While the imaginative Kenan deserves kudos for making the leap to live-action after his acclaimed performance-capture family film Monster House, City of Ember may have been better suited as a CG-animated tale. Indeed, many of its conceptual flaws and lapses in logic related to living in an underground city for 200 years might have been forgiven if it were "just a cartoon." It's simply tough to suspend one's disbelief -- and the movie never tries hard enough to not make you question things -- that people could survive on green house plants and canned food for so long or that they don't know a thing about the surface world. What do they do with their dead? Or their sick? What about criminals? There's been no robbery, rape or murder after being cooped up together underground for two centuries? Hell, forget all that -- what about toilet paper?!

The script by Caroline Thompson never allows the viewer to get to know any of the characters particularly well. As a result, it's difficult to become engrossed in the story's central journey or to care much about the fate of the people of Ember when you don't understand why they're all so naive, complacent and incurious. For a society on the brink of extinction, they're sure handling things relatively well. These people don't just live in a bubble; they're not even aware there is a bubble. All save for the mayor and Doon's dad, both of whom know more than they'll let on publicly.

Bill Murray is an odd casting choice. On one hand, he perfectly captures the mayor's glibness and faux concern for his citizens; on the other, he is far too self-aware and hip to the joke to mesh with the unsophisticated society he's leading. Perhaps that's the point, but his presence pulls one out of the movie almost as often as it entertains.
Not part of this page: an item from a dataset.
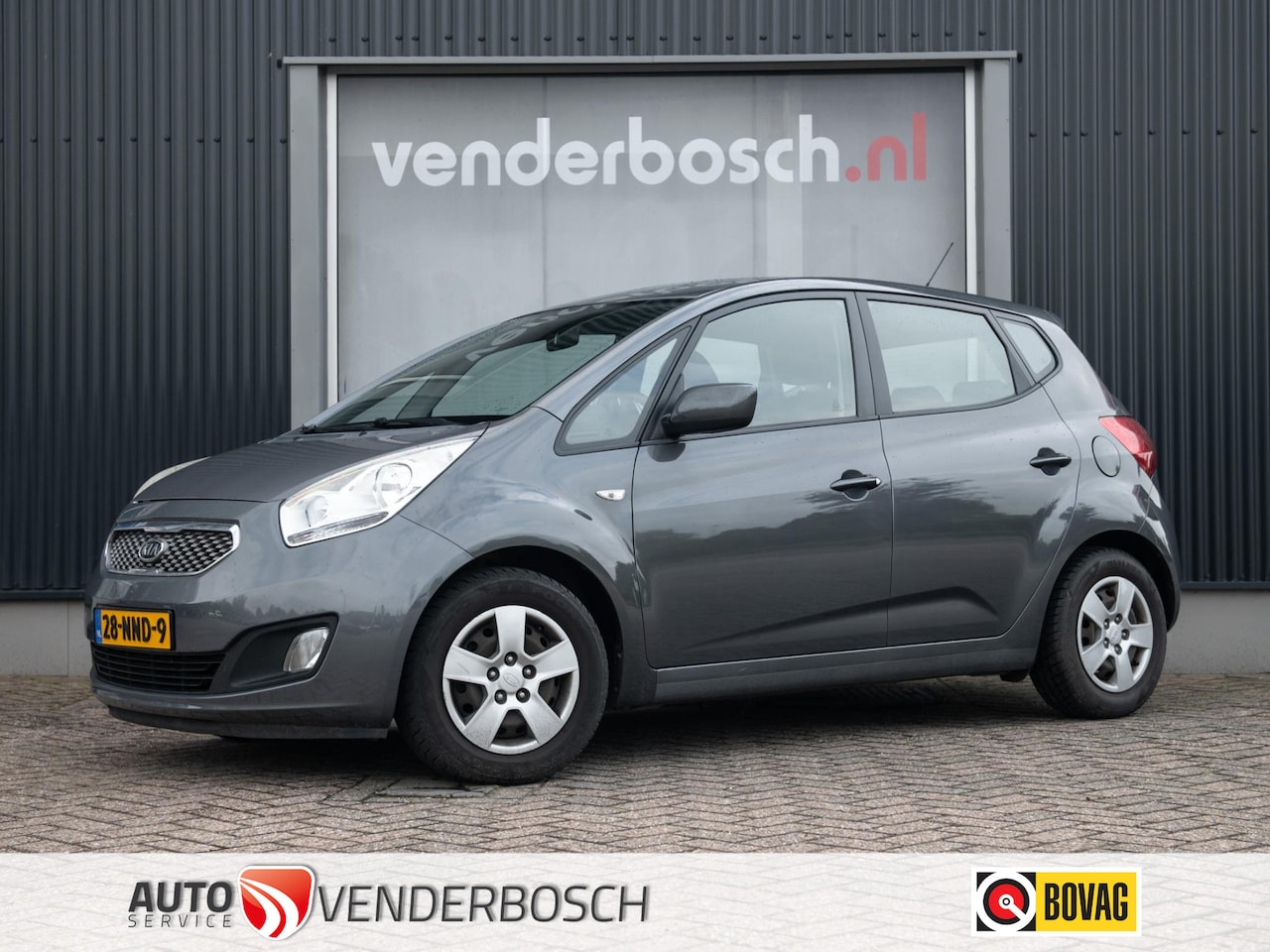 Kia Venga - 1.6 CVVT Comfort Pack 125pk | Automaat | Airco | Cruise Control | Allseasonbanden - AutoWereld.nl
The standout of the cast is Ronan, who seems to have grown up quite fast in-between Atonement and Ember. If she plays her cards right, it's possible that Ronan might enjoy a Jodie Foster-like career once she reaches full maturity.

Despite some lethargic storytelling, City of Ember exhibits a great deal of imagination, particularly in Martin Laing's exquisite production design (the Ember set was built inside an old Belfast shipbuilding facility) and Ruth Myers' patchwork costume designs. Indeed, the only jarringly bad production elements are the special effects seen during a climactic raft sequence. If only City of Ember had fleshed out its ideas and characters as well as it realized its physical world then it might have been a modern fantasy classic. As it is, it's a serviceable family film worth a look-see for no other reason than to escape into a unique realm for ninety-odd minutes.